By Chris Simmons
Negotiations come in all shapes, sizes, and intensities. While bargaining with a spy is very different from negotiating a home purchase or buying a car, many of the core tactics remain the same. Simple to master and easy to remember, these practices will help you get more out of any negotiation.
- Understand that negotiations are rooted in emotional “wants,” not rational “needs.” For example, do you really “need” a 455 HP Corvette? Know what the other party truly wants. What is it that you need? How big is the gap between what you want and what you need?

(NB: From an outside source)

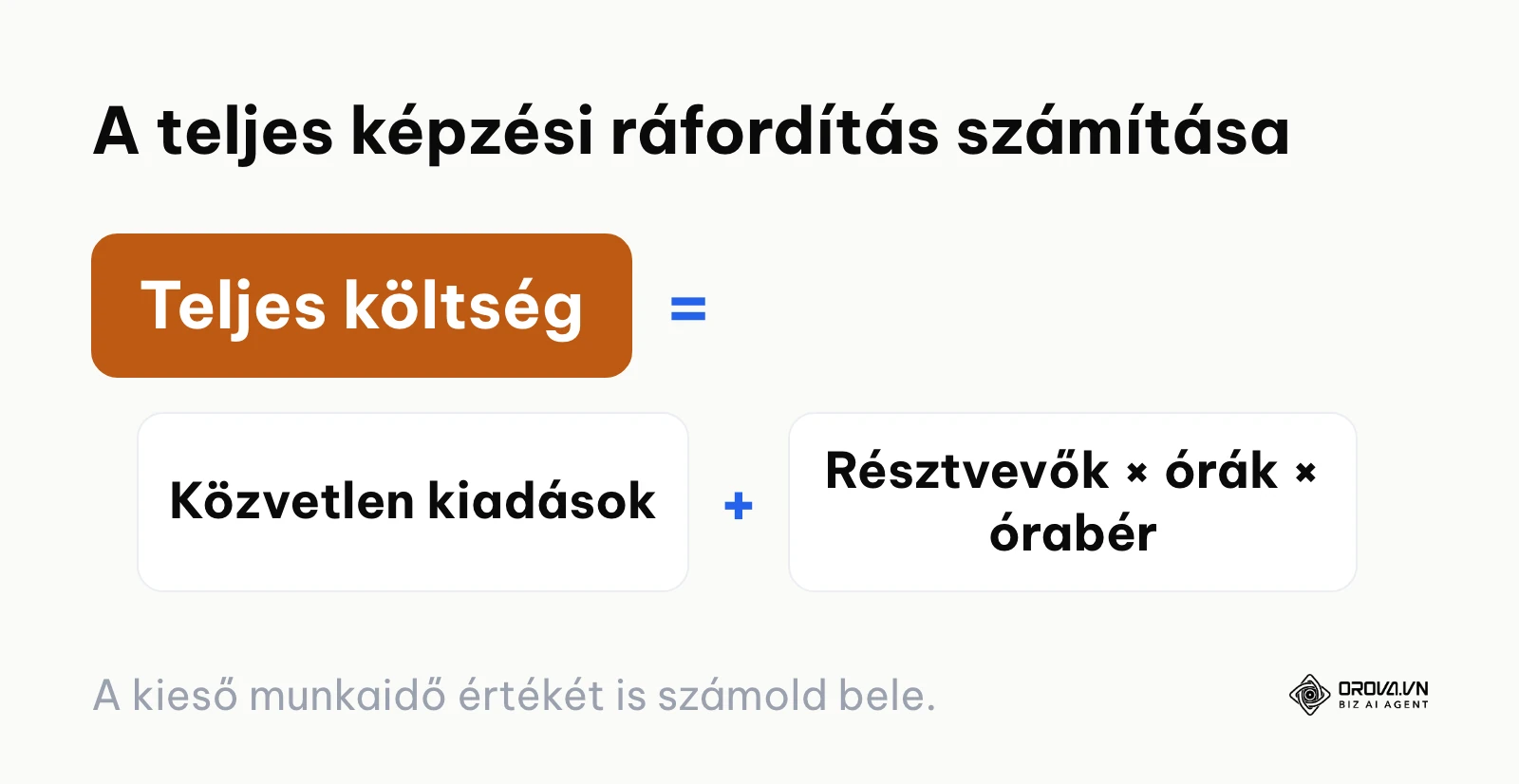 A teljes képzési költség kiszámításának képlete a közvetlen és rejtett tételekkel.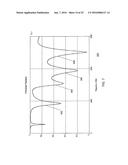 FREQUENCY-SELECTIVE DIPOLE ANTENNAS diagram and image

- Identify the personal and cultural biases and quirks of the other party. Develop a plan to circumvent their biases or exploit weaknesses in their perceptions (for example, you may want to use a female negotiator in a male-dominated industry).
- Have an opening position, a “target” or ideal position, and a bottom line.

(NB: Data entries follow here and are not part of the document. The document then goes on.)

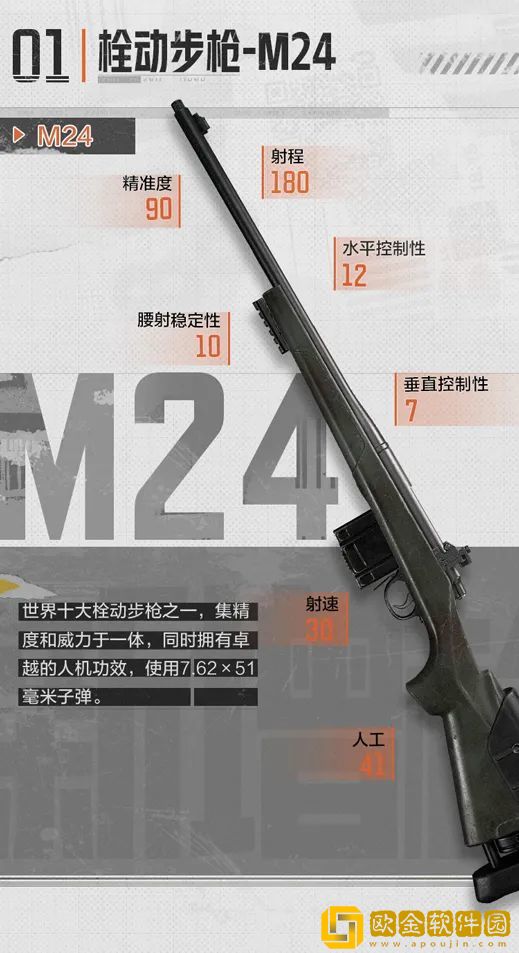 暗区突围M24怎么样 暗区突围栓动M24介绍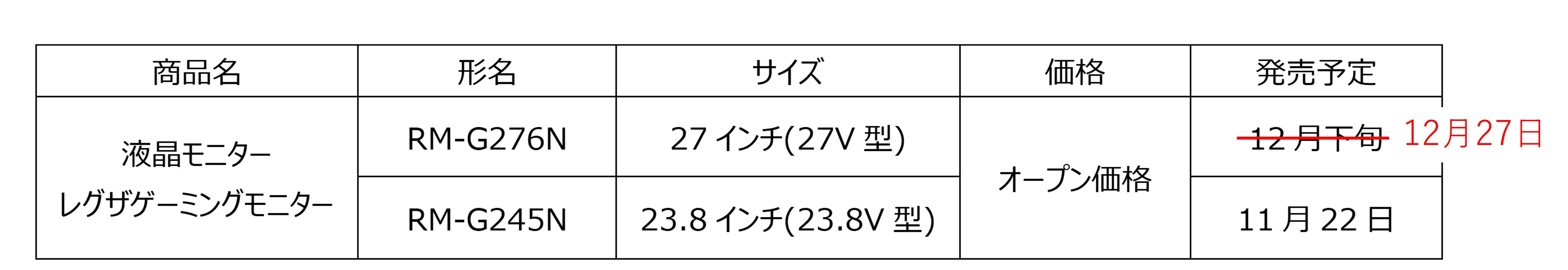 発売日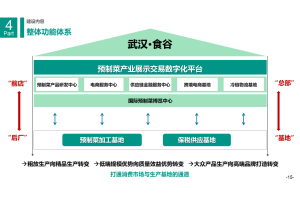 全国新能源领域用无卤阻燃微米级PC薄膜行业研判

- In general, plan to address the easier issues first as a means of building momentum. The longer you negotiate, the harder it is for many people to walk away.
- Since most communication is nonverbal, one team member should focus on watching the behavioral cues of the other party.
- Remember, threats have no place in a negotiation, no matter how hotly contested.
- When possible, avoid allowing your decision-maker to get involved once the negotiations are underway. This maximizes your bargaining position and leverage by intentionally limiting your negotiator’s authority.
- Ideally, have a single spokesperson, but allow any team member to call a caucus, and caucus often.
“IN THE ROOM”
- Never be afraid to walk away from a negotiation – and ensure the other party knows you will if discussions sour.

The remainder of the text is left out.